> WHAT THIS TASK INVOLVES: Exactly the lines from the one with "2538 E Glenn" through the end of the data below must be set down, and no pictures with them.
**** INPUT DATA
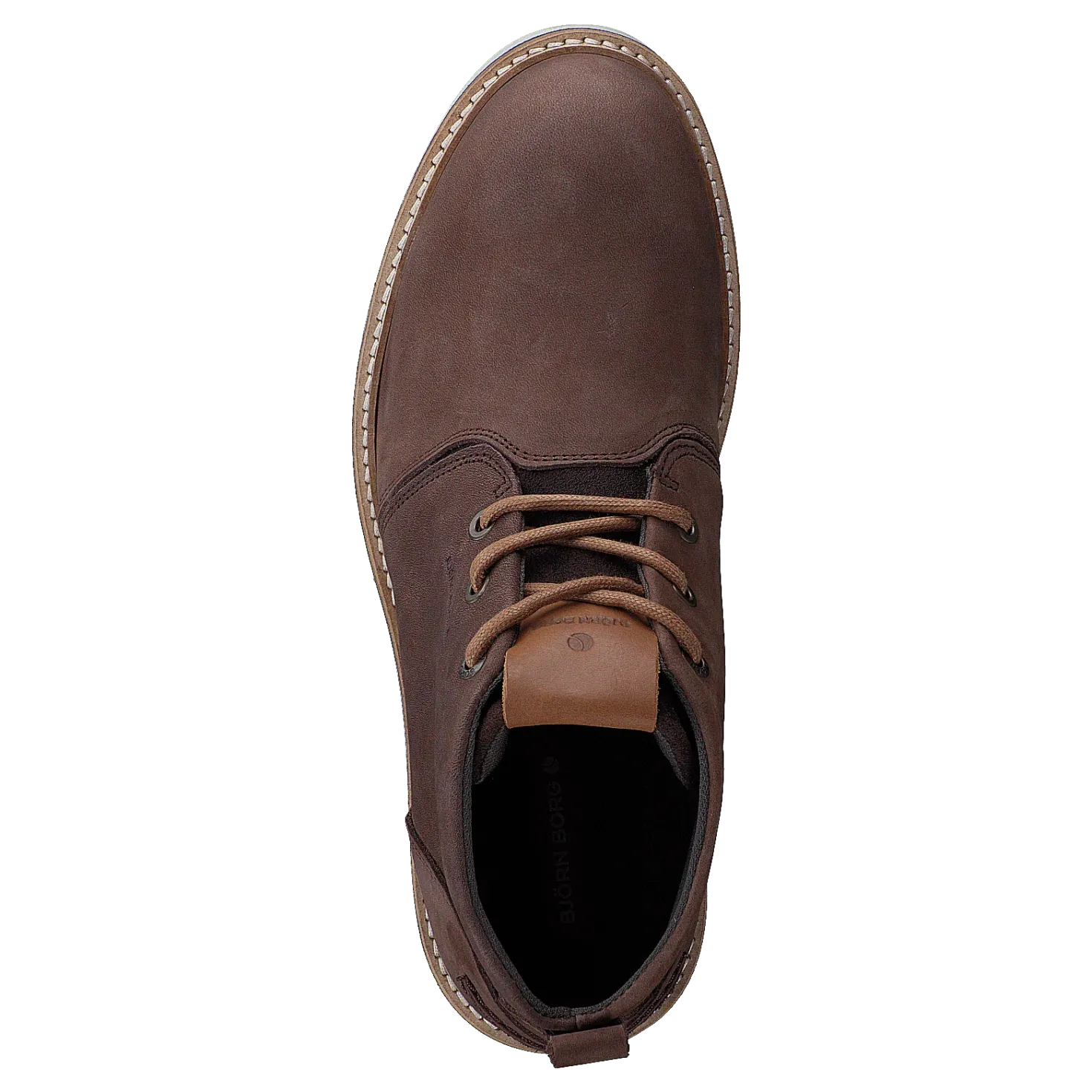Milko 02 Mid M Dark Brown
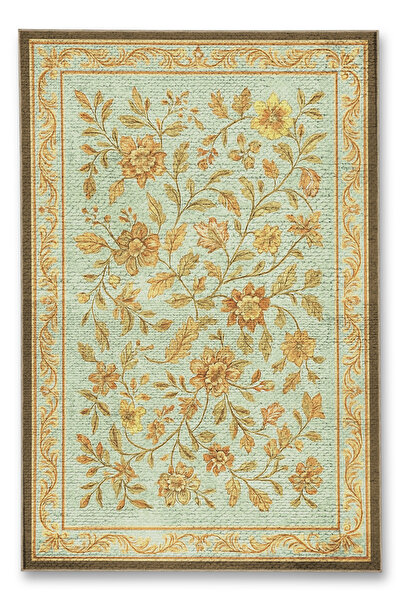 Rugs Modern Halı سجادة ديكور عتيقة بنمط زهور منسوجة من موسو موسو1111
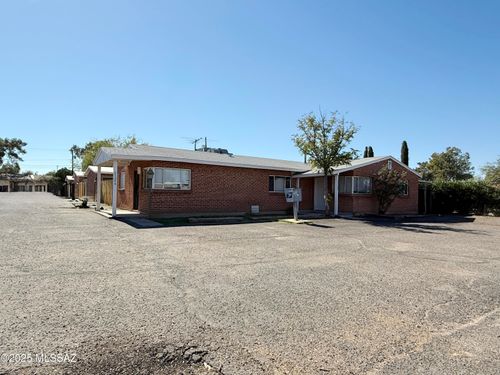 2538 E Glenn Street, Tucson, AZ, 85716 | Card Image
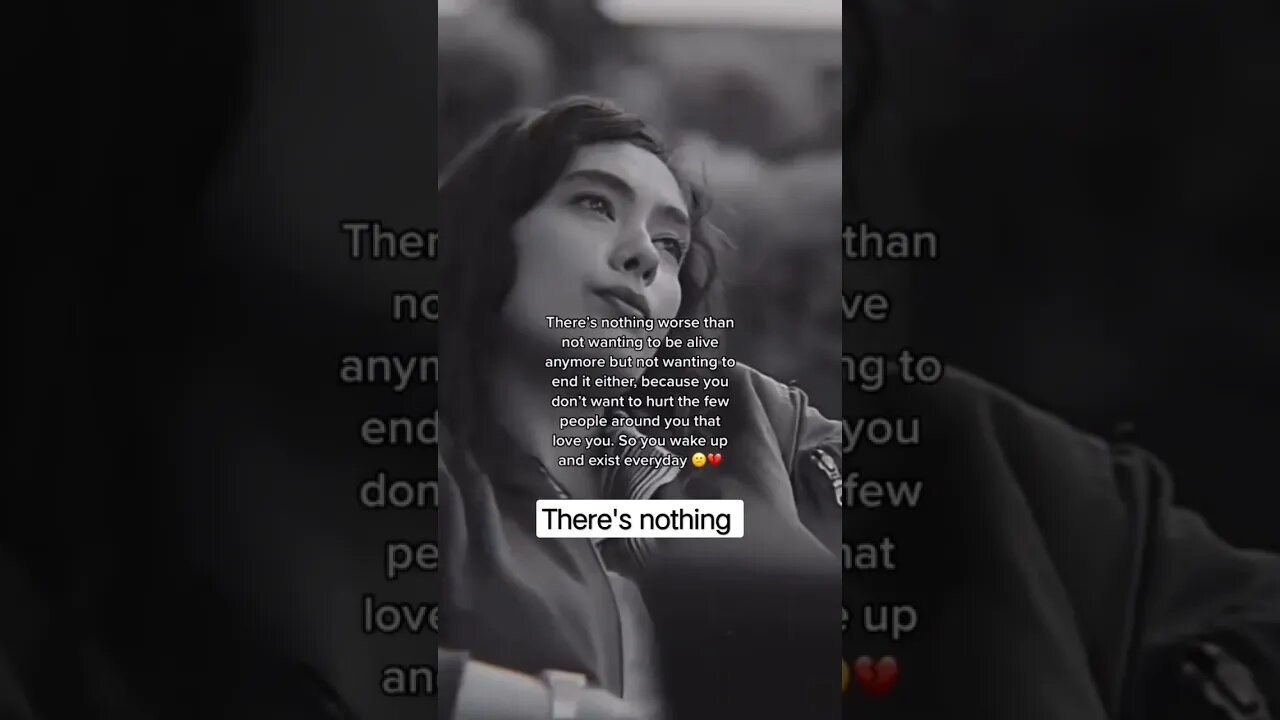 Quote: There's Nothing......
********
> TASK RESPONSE:
 2538 E Glenn Street, Tucson, AZ, 85716 | Card Image
 Quote: There's Nothing......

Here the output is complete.